Capstone project

Csaba Farago
2021-05-24

This is the final project of Data Science Specialization course series at Coursera.

Overview

The task was to try to guess the next word of a started sentence. More specifically:

  • Input: corpus of text, containing blog entries, news and tweets, 4 languages (English, German, Finnish, Russian).
  • Size (English): ~1-2 million rows, ~30-40 million words each.
  • Key idea of elaboration: the n-gram model (word triplets).
  • Result: an online application which suggests the next word.

Issues

Main idea: divide the corpus into word triplets, create a hash which calculates the number of occurrences, and the results could be used for the next word guess.
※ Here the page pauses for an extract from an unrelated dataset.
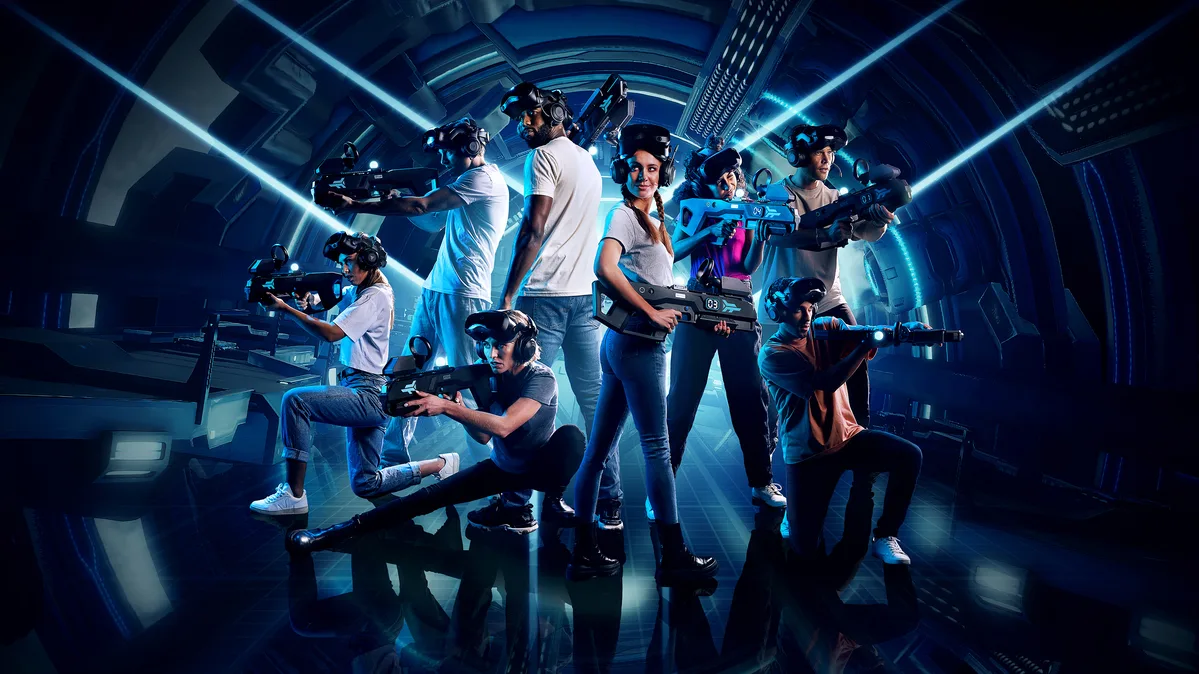 Eight players in wireless VR headsets moving through a sci-fi corridor in free-roam VR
There were several issues with this approach:

  • The corpus is huge. There were memory and CPU problems.
  • The R list is not optimized for hash. An external R package hash was used instead.
  • The input was not clean. The news contained end of file character (the SUB character), where file read terminated. I removed it manually.

Algorithm

The algorithm is split into 2 major parts.
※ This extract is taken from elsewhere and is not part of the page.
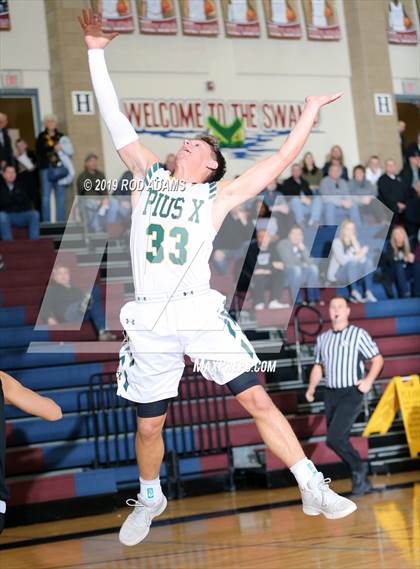 Thumbnail 1 in Pius X vs. Lincoln Northeast (HAC Tournament) photogallery.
I. Create cache. It is divided into 4 major steps:

  • Create word triplets.
  • Merge and split the triplets into files (starting letter).
  • Calculate number of occurrences.
  • Input for guessing next word: 2 words key, third words value.

II. Use cache in the app. The Shiny app reads the cached input at startup which takes a few seconds only.

Result

The user should write something into the left-hand side input field.

Guess the next word

Ideas for developing further: consider more words, other languages, better GUI.